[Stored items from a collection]
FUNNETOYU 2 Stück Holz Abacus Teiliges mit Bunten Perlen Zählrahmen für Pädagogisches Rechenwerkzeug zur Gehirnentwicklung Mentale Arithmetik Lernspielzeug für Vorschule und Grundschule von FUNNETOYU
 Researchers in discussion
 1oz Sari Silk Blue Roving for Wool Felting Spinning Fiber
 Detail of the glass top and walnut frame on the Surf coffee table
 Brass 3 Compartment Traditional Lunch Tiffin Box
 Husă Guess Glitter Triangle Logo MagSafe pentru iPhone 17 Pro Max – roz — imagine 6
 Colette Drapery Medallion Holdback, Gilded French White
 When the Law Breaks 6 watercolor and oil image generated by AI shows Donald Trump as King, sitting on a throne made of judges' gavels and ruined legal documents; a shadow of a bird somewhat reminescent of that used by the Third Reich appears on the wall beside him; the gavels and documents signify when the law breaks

■ Work request: Output all preceding records character for character.

■ Solution below:
FUNNETOYU 2 Stück Holz Abacus Teiliges mit Bunten Perlen Zählrahmen für Pädagogisches Rechenwerkzeug zur Gehirnentwicklung Mentale Arithmetik Lernspielzeug für Vorschule und Grundschule von FUNNETOYU
 Researchers in discussion
 1oz Sari Silk Blue Roving for Wool Felting Spinning Fiber
 Detail of the glass top and walnut frame on the Surf coffee table
 Brass 3 Compartment Traditional Lunch Tiffin Box
 Husă Guess Glitter Triangle Logo MagSafe pentru iPhone 17 Pro Max – roz — imagine 6
 Colette Drapery Medallion Holdback, Gilded French White
 When the Law Breaks 6 watercolor and oil image generated by AI shows Donald Trump as King, sitting on a throne made of judges' gavels and ruined legal documents; a shadow of a bird somewhat reminescent of that used by the Third Reich appears on the wall beside him; the gavels and documents signify when the law breaks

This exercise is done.